Bottomline: A data connector is used to copy the data from one(or more) source(s) to the data warehouse (usually a single location where it is easy to perform certain operations)
What is data connector?
A data connector is the logic that enable developers (or data-science folks) to transfer the data from source (after extracting) to the destination. For example you need to prepare a model through which you can predict the attendance of a particular student with the reason of absence so far that you will need to fetch the basic details like attendance details through LMS (Learning Management Software) and for the leave reason you might need to look into other application then after getting the required data you can use it in your ML(machine learning) or statistics model and do the prediction. So in this LMS is considered as “Souce” and the software that you use to predict the attendance is the “destination”.

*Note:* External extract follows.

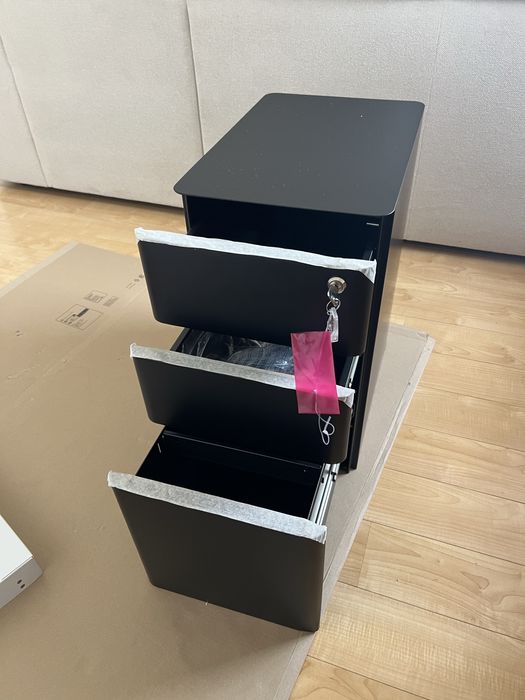 Bloco de Gavetas para Secretária WOLTU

Source: Source is something that we make us of in fectching the data. Usually the source include databases, digital documents (spreadsheets, excel-sheets, pdfs, docs etc), SAAS applications like LMS etc.
Destination: Destination is the tool (usually data warehouse like Redshift) in which the calculations are performed and we obtain the desired results. These data warehouses allow analysts and developers store large amount of data while providing super-fast computational speed.

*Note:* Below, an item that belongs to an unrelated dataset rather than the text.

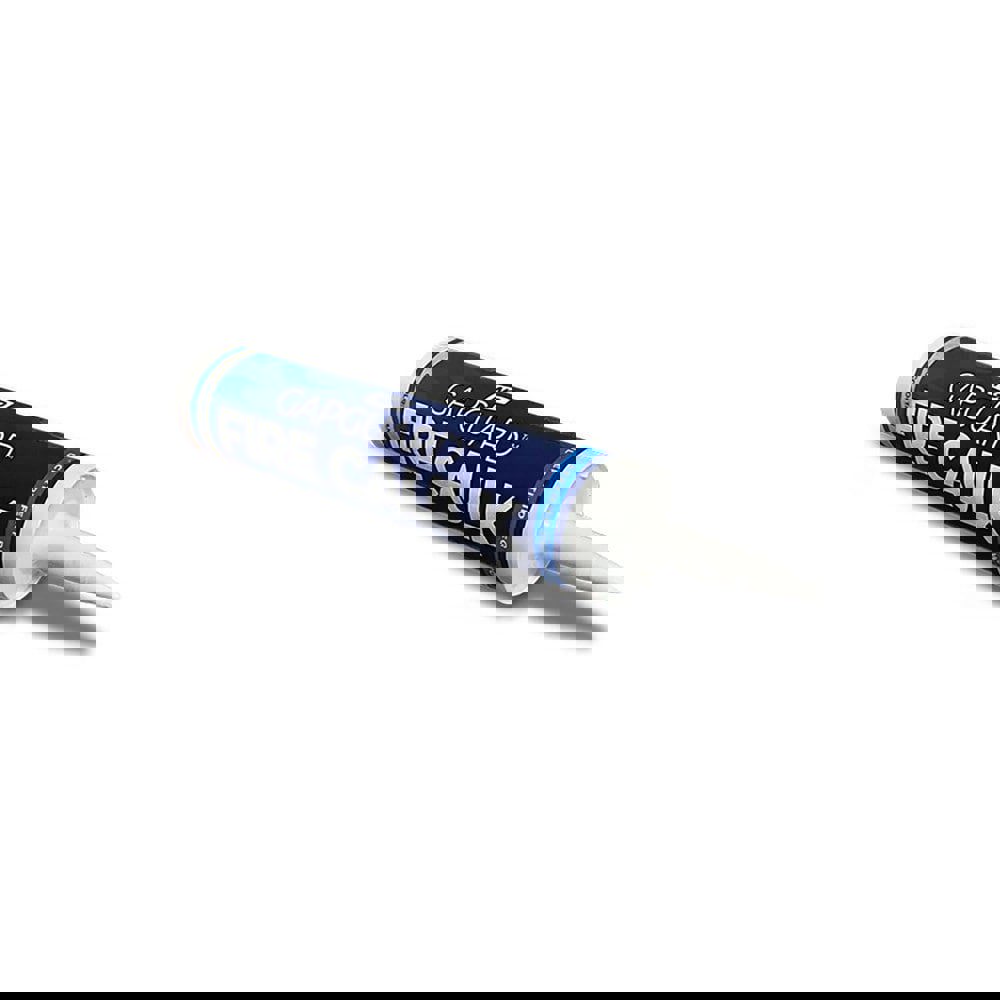 Caulk & Sealants; Chemical Type: Acrylic ; Product Type: Fire Caulk ; Container Size: 10.3 oz ; Color: Tan ; Application: Seal thru-holes on fire doors and frames ; Full Cure Time: 24 hr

Running on a schedule: While using data connectors we usually prefer to transfer data running on a schedule. As the data we are dealing with is usually very large and can not be copied in single transfer, moreover the data might be updating continously. So it is better to fix a schedule using which the data can be copied periodically. For example in a 2 hourly schedule, the data will be copied every two hours.
Extraction of data (from Source):
We need to fetch (extract) the data from the data source, so that we can use it for further work. There are two modes through which we can extract data.

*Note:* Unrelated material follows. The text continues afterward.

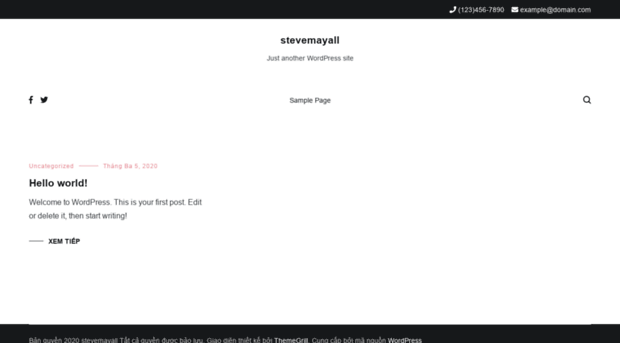 stevemayall.com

1. Snapshot mode: In this mode, the entire data is fetched in one go. Suppose you are running on an hourly schedule so the entire data (including updates) will be fetched every hour.
2. Incremental mode: In this mode of operation, instead of extracting the whole data only the updated data will be fetched. Let’s say, someone added the details of the new employee (Sushil) in the employee details table. So when we extract the data in the increment mode, only Sushil’s data will be fetched into the destination (usually data warehouse). However, not all the sources support both modes of operation.
Writing of data (to destination):
So after we have fetched the data the next step is to write the data into destination (data warehouse). This again can be done in three different ways.
1. Replace mode: In this mode whole data(old) gets replaced with the new data on every successful run.
2. Append mode: In this mode, the new data gets added to the previous data on every successful run.
3. Merge mode: In this mode of operation the new data gets added if there were no previous data (upserted). Primary key is mandatory in this mode.
Which Database is the best:
Although there are many databases to choose from when it comes to use the data-connector , but MongoDB is the recommended one, as it is flexible while having dynamic schema.
Practical example of Data-connector:
Suppose you are having an API that has all the desired fields and as a developer you need to transform some of the fields into more user-friendly format. So to use those fields into the application that you are devloping, you would require a data-connector so that the data can be pulled from the APIs and can be consumed by the application that you are developing. For instance, someone has to make the data-connector according to the fields we want to fetch from the APIs and after implementing the required changes in the data-connector usually a jar file is generated in some folder (let’s say “folder1”). The next step is to import the data-connector from folder1 into your project (the application you are working on) and consume the services provided by the API using that data-connector. However, keep in mind I have just taken an example and the situation can be different based on the project requirements and technologies that you are using for that particular project.